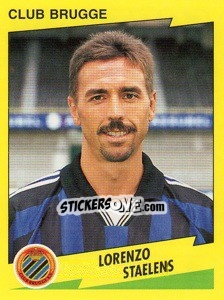 Sticker Lorenzo Staelens - Football Belgium 1997-1998 n. 95 - Panini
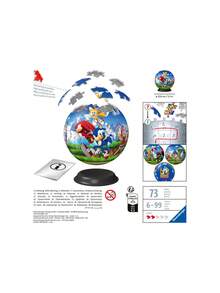 Ravensburger سونيك 72p - متعدد الألوان - مشاهدة 3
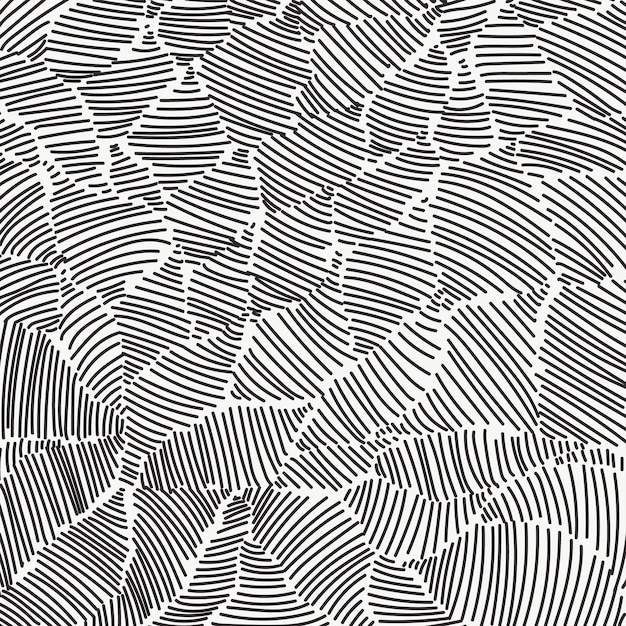 Vector abstract geometric lines drawn pattern background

***

Work to complete:
Leave out the pictures, and retype exactly the lines from the one containing "Ravensburger سونيك 72p" through the final line of the data.

Exercise response:
 Ravensburger سونيك 72p - متعدد الألوان - مشاهدة 3
 Vector abstract geometric lines drawn pattern background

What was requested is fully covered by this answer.